Stored data entries
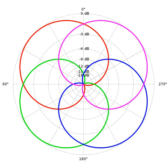Ambisonics is a full-sphere surround sound format. In addition to the horizontal plane, it covers sound sources above and below the listener.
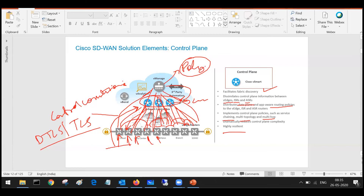For redundancy you can deploy multiple vSmarts. These vSmarts do not have any cluster, so every vSmart will have its own IP address. Every edge router by default will form neighborship with two vSmart controllers — even if you have three vSmarts in your fabric, the edge router will by default form neighborship with only two. You can modify this default behavior to form neighborship with all vSmarts, but even then updates will come from only one single vSmart at a time. The other vSmarts will be in standby mode, with one active vSmart sending control plane updates.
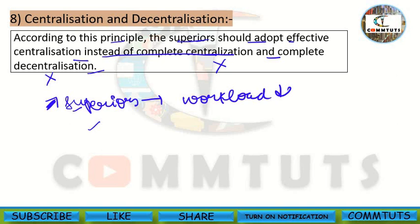So this was the eighth principle: centralization and decentralization. We have now covered eight management principles. If you have any doubts, please share them in the comment section. We will cover the remaining principles in the next tutorial. I am explaining each principle in detail with examples and positive and negative effects so that you can easily solve application-based questions and case studies.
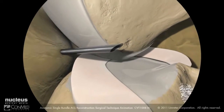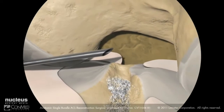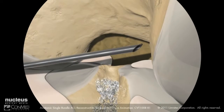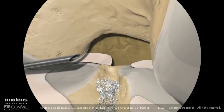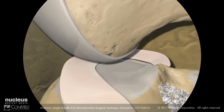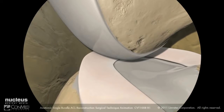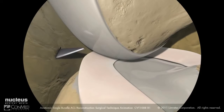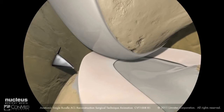Advance the needle to confirm access to the femoral footprint of the ACL. Using an 11 blade, incise the skin making sure to orient the blade away from the femoral condyle to prevent damaging the articular surface.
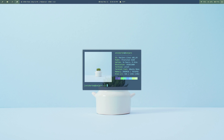Hello Internet, it's Tony, and today we are doing another Arc Linux rice. So what I've got here is Manjaro, this time running with i3wm.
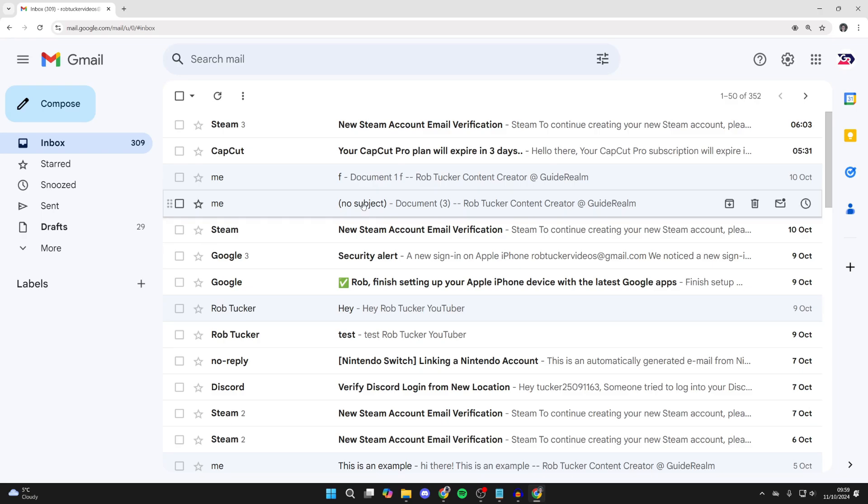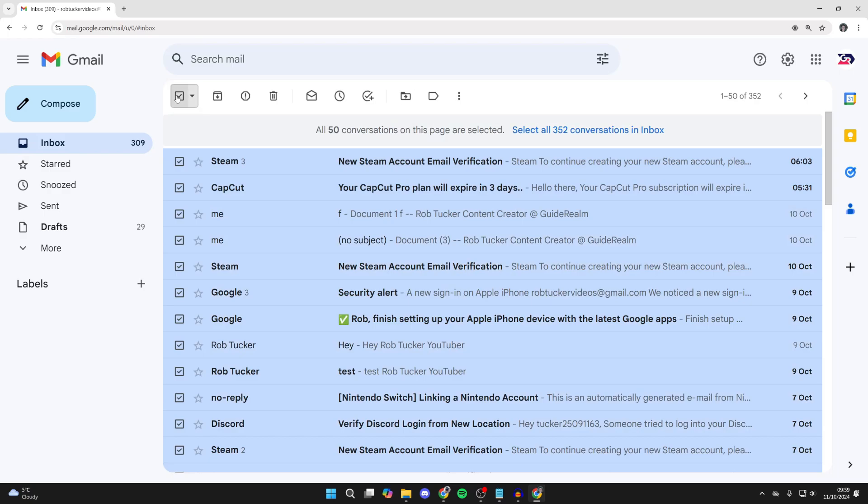So to do this, you need to go to the top left of your Gmail inbox. There, you'll see a select button. Click on it.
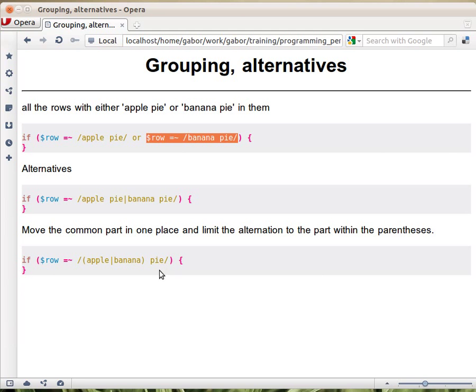But in order to do that, we have to put the apple or banana part into parentheses. Otherwise, it would be apple or bananaPie.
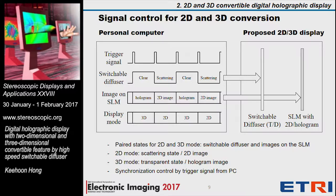In our method, the state of the switchable diffuser and the image on the SLM should be controlled as a pair. A pair of switchable diffuser clear state and hologram image on the SLM for the 3D mode, and another pair of scattering state and 2D image for the 2D display mode, should be synchronized. We synchronize each pair by a trigger signal generated by the personal computer.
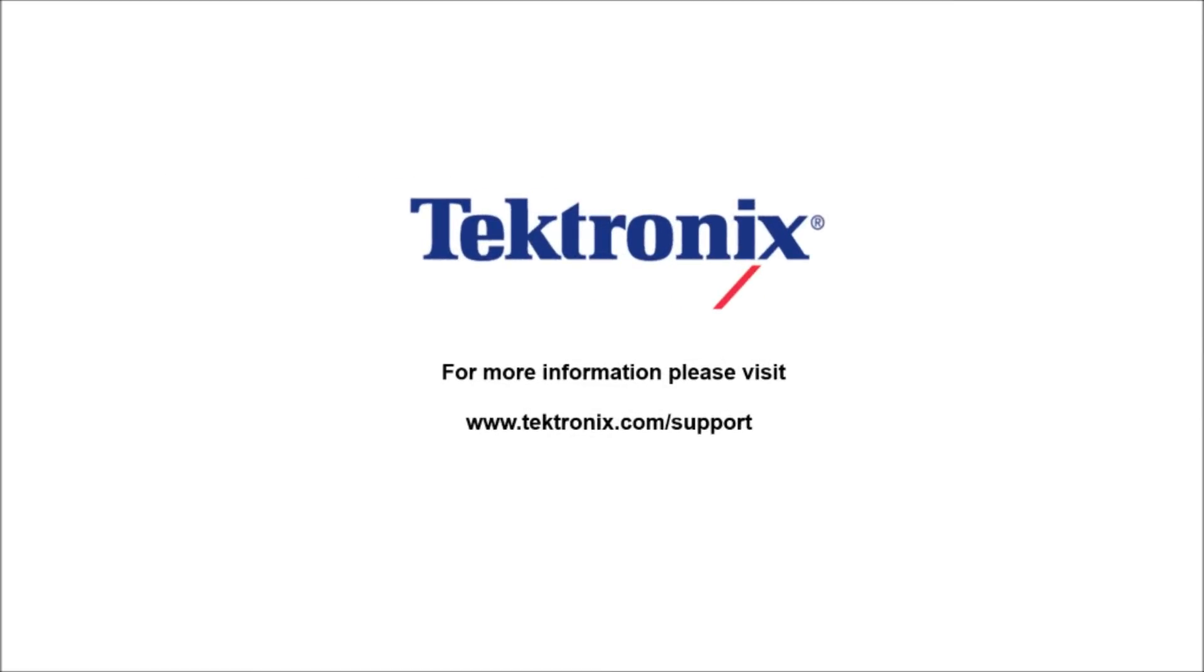Thank you for watching our video. If you'd like to learn more information about our products, please visit www.Tektronix.com.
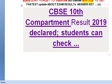Hi friends, you must subscribe to our channel. We are posting daily videos about the latest exams — don't forget to subscribe. My main job is to get you the latest updates about exam results. Today I am telling you about the CBSE 10th compartment result 2019 declared.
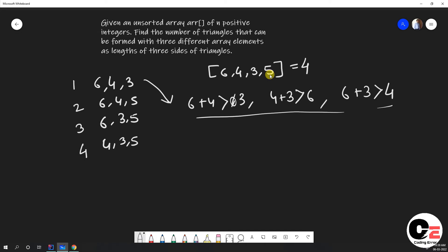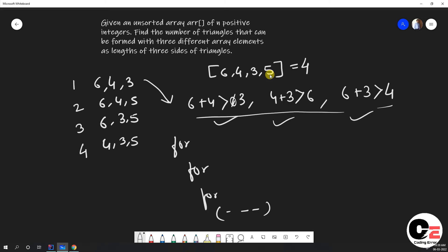If we take the brute force approach, we can use three nested for loops to get every triplet and check all three conditions. If satisfied, we increase the count. But this approach has a time complexity of O(n³), which is very large. To reduce this, we can sort the array first.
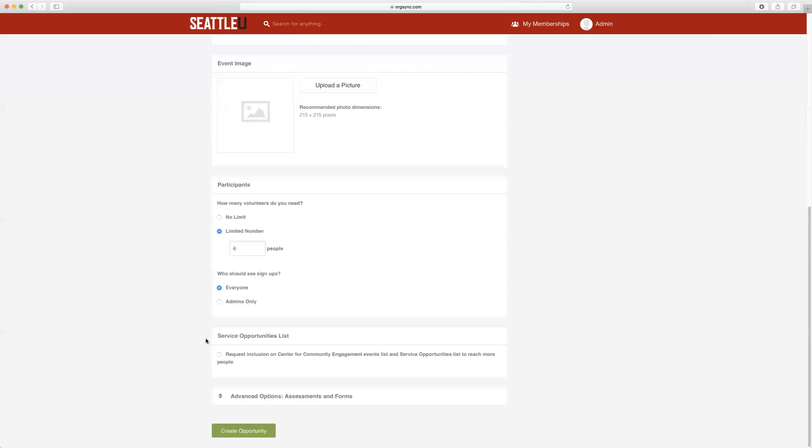For all service learning opportunities, you will leave this checkbox blank. However, if this is a general service opportunity, you may request to be included on the Center for Community Engagement list so that your opportunity can be shared with the entire Seattle University community.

Assigned task
Give back exactly the lines from the top of the records to the line containing "Advance the needle", both included, and no pictures.

Answer space
Ambisonics is a full-sphere surround sound format. In addition to the horizontal plane, it covers sound sources above and below the listener.
For redundancy you can deploy multiple vSmarts. These vSmarts do not have any cluster, so every vSmart will have its own IP address. Every edge router by default will form neighborship with two vSmart controllers — even if you have three vSmarts in your fabric, the edge router will by default form neighborship with only two. You can modify this default behavior to form neighborship with all vSmarts, but even then updates will come from only one single vSmart at a time. The other vSmarts will be in standby mode, with one active vSmart sending control plane updates.
So this was the eighth principle: centralization and decentralization. We have now covered eight management principles. If you have any doubts, please share them in the comment section. We will cover the remaining principles in the next tutorial. I am explaining each principle in detail with examples and positive and negative effects so that you can easily solve application-based questions and case studies.
Advance the needle to confirm access to the femoral footprint of the ACL. Using an 11 blade, incise the skin making sure to orient the blade away from the femoral condyle to prevent damaging the articular surface.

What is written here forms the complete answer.